• INPUT DATA:
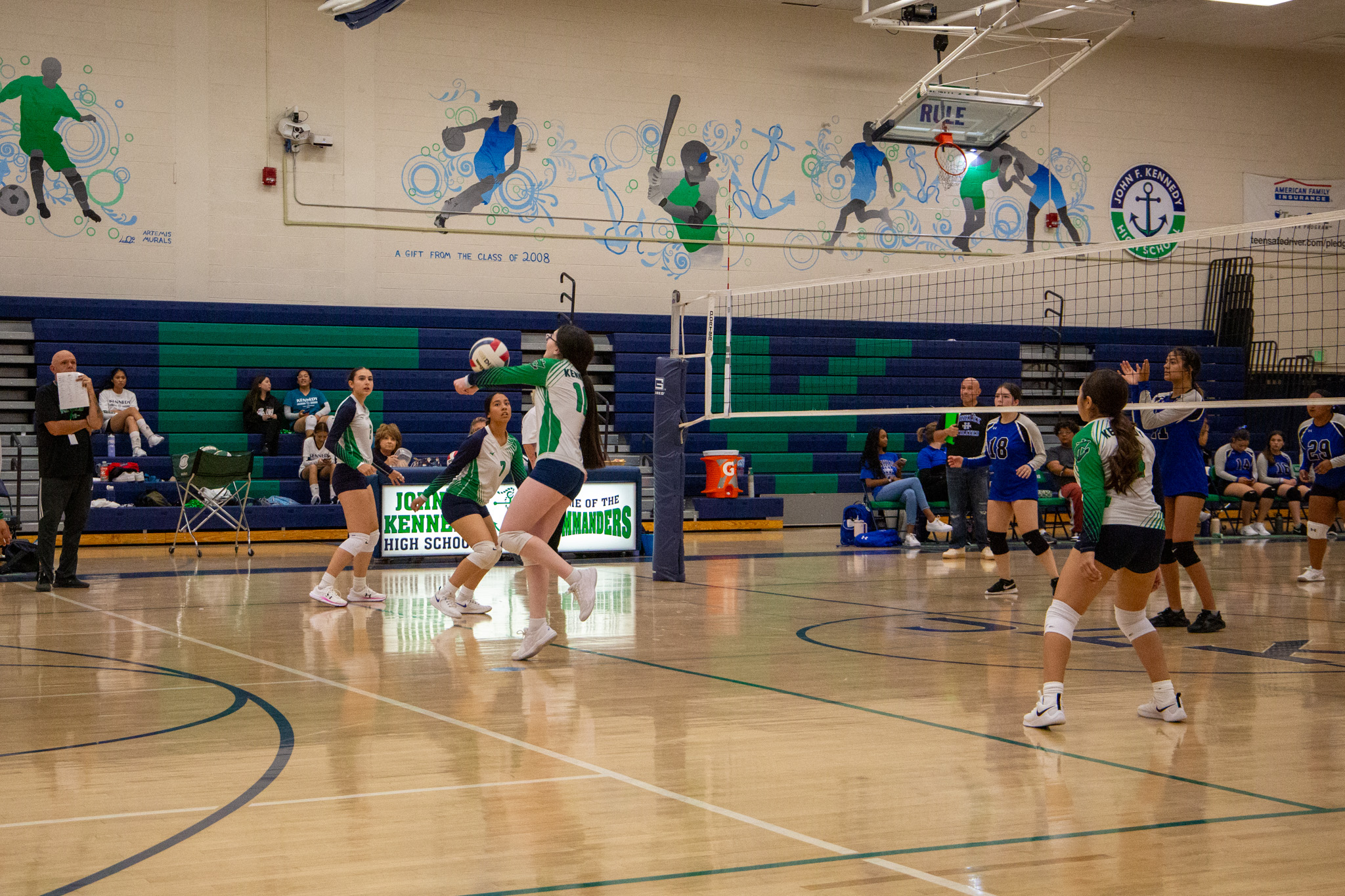 Pictured: a member of the JV volleyball team bumps the ball. 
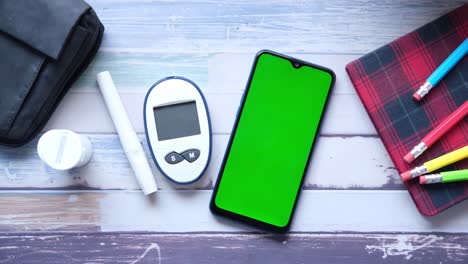 diabetes management supplies and mobile phone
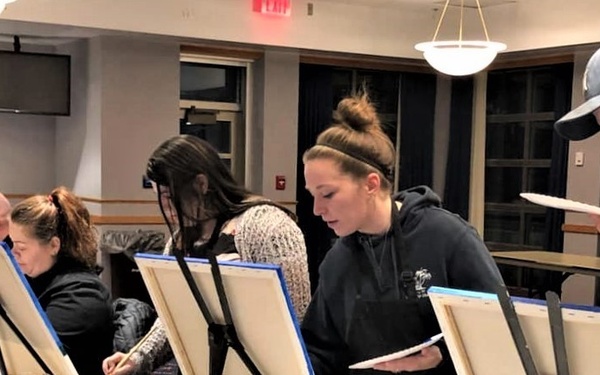 Fort McCoy community members create works of art at Sit, Sip, Paint event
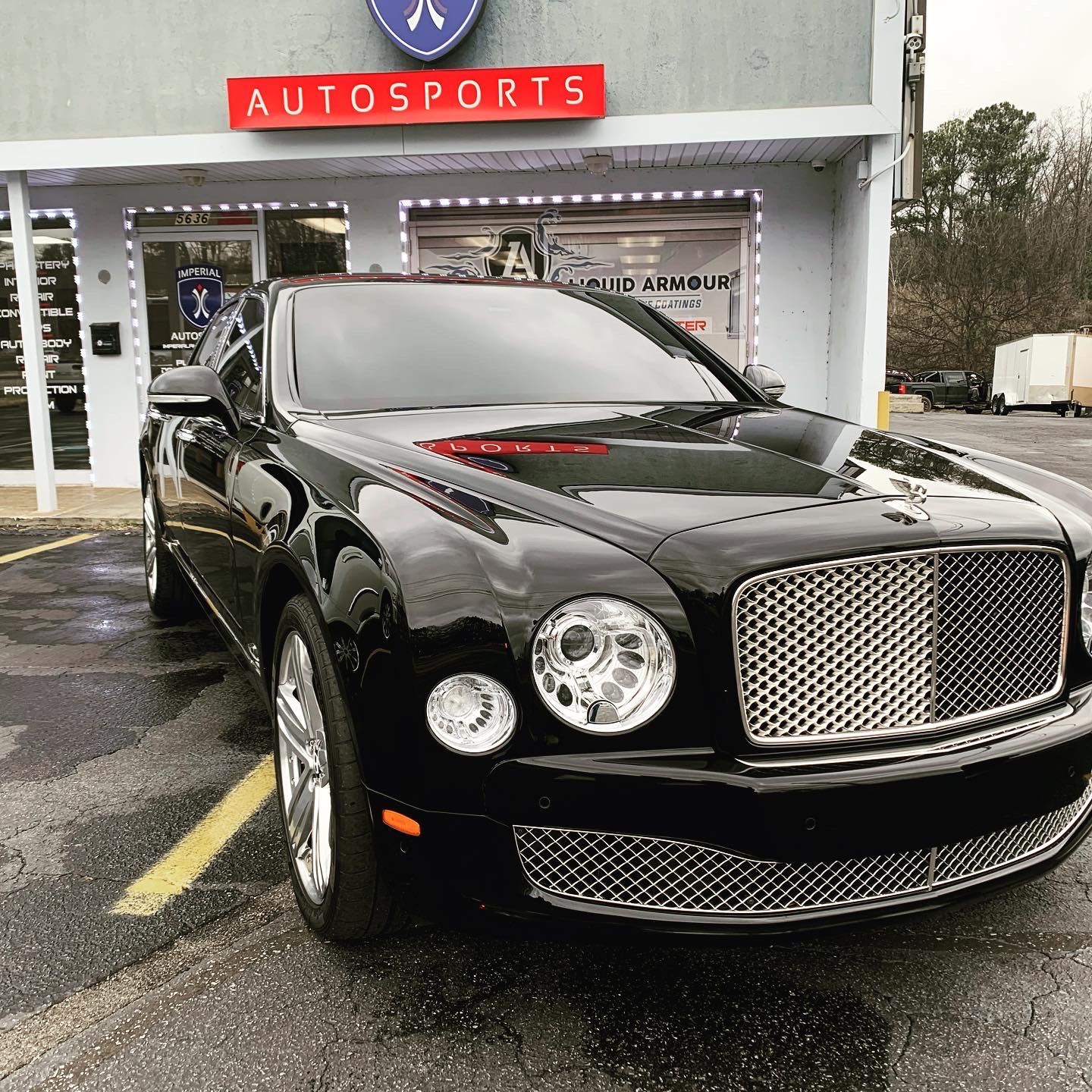 A black Bentley is parked in front of Autosports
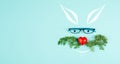 Easter rabbit face with a heart shaped nose, whiskers from carrot leaves and eyeglasse, holiday greeting card, spring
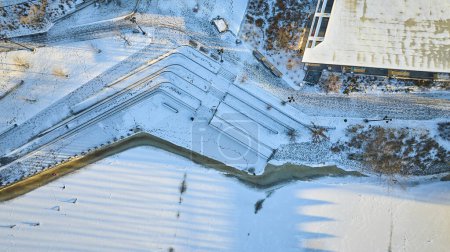Photo for Aerial Golden Hour View of Snow-Covered Staircases and Modern Architecture in Downtown Fort Waynes Promenade Park, Winter - Royalty Free Image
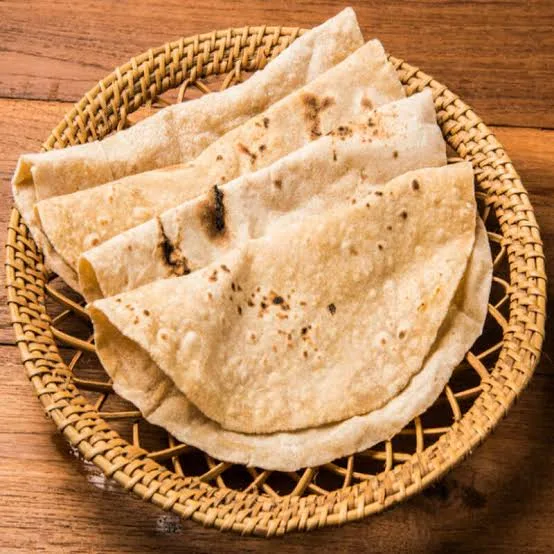 Stack of freshly cooked soft chapatis with golden spots on a wooden board beside a bowl of ghee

• ABOUT THIS EXERCISE:
The records above are to be copied exactly, with no pictures carried over.

• FINISHED EXERCISE:
 Pictured: a member of the JV volleyball team bumps the ball. 
 diabetes management supplies and mobile phone
 Fort McCoy community members create works of art at Sit, Sip, Paint event
 A black Bentley is parked in front of Autosports
 Easter rabbit face with a heart shaped nose, whiskers from carrot leaves and eyeglasse, holiday greeting card, spring
Photo for Aerial Golden Hour View of Snow-Covered Staircases and Modern Architecture in Downtown Fort Waynes Promenade Park, Winter - Royalty Free Image
 Stack of freshly cooked soft chapatis with golden spots on a wooden board beside a bowl of ghee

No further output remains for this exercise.